Unable to measure his life in time and cause and effect, he seeks out a new method and finds it in the thrum of her pulse under his thumb. He decides he'll measure instead by his distance from her: the press of her lips and their fingers entwined to replace the tick of the clock in his head, the second heartbeat in his chest.

She's eight sets of concrete walls, a quarter of a mile and a plastic lifeline against his ear away from him, her voice nothing but an electric buzz. It's pathetic how weak it makes him feel.

"Pete'll get it all sorted," she promises, and he can tell she's angry because she's not calling him Dad. And they should have guessed, really, that a genetic anomaly from beyond the stars wouldn't be able to just slip into society without any fuss or questions raised. Powerful as the Tyler family is, not even they could utterly ignore Torchwood protocol.

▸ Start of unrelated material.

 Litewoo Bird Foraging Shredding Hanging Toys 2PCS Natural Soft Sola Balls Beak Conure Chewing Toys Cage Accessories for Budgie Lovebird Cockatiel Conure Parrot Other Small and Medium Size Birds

Which is all well and good, he supposes, except for the part where it means that he's spending his first night in this strange new universe with Torchwood doctors, signing Torchwood papers and inventing a Torchwood life he can live in. (All he wants is to slip into hers; he'd hoped that the rest could come later.)

"It's not so bad," he reassures her in what he hopes is a chipper voice. "They're letting me pick my new name and everything."

The silence on the other end lasts so long that he fears she's hung up on him; then she quietly asks, "New name?"

"Well, not to use, of course. But for my passport and driver's license and things, they want me to go by something that isn't Doctor. Can't imagine why."

"But that's not… you aren't… they can't do that to you," she insists, and he's touched by her offense.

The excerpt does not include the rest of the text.